The northern city, laced with high fences and a wall, is the closest point between France and Britain, with two cross-Channel transport systems, the Eurotunnel and ferries that are a magnet for migrants.

Mr Macron wants changes to the 2003 Touquet Accords that effectivel­y moved the British border to Calais and have left France with the problem of dealing with migrants refused entry into Britain. He is meeting with British Prime Minister Theresa May in London tomorrow.

Negotiatio­ns over changes to the accords are in progress, including creation of a French-British team to handle cases of migrants with “legitimate’’ reasons to go to Britain, according to a top official in Mr Macron’s office who was not authorised to speak publicly.

Just over a year ago, Europe’s largest migrant slum, on the edge of Calais, was dismantled and some 7,000 migrants sent to centres around France.

With 400 to 700 migrants there today, the situation is in many ways worse, said Francois Guennoc of the aid group Auberge des Migrants. “It’s catastroph­ic,’’ he said, both materially and mentally because migrants have no right to pitch tents, to ensure no new camps spring up.

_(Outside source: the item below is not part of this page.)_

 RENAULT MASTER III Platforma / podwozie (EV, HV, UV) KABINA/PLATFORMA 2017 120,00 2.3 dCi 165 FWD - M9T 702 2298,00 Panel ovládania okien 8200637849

Auberge des Migrants, a leading migrant aid group in Calais, is one of two associatio­ns that have declined to take part in a meeting with Macron.

The president’s trip is a foretaste of a tough new immigratio­n and asylum bill to be presented to the Cabinet in February. Mr Macron is visiting a migrant centre before meeting security forces in Calais.

An encounter with Calais Mayor Natacha Bouchart may be his biggest challenge. She has spent years, with some success, pressing the government for funds, police and other help in dealing with migrants.

The migrants’ living conditions are deplorable, but “they choose it,’’ while Calais citizens live with the “constant offences’’ of migrants trying to sneak to Britain, Ms Bouchart said on BFM TV.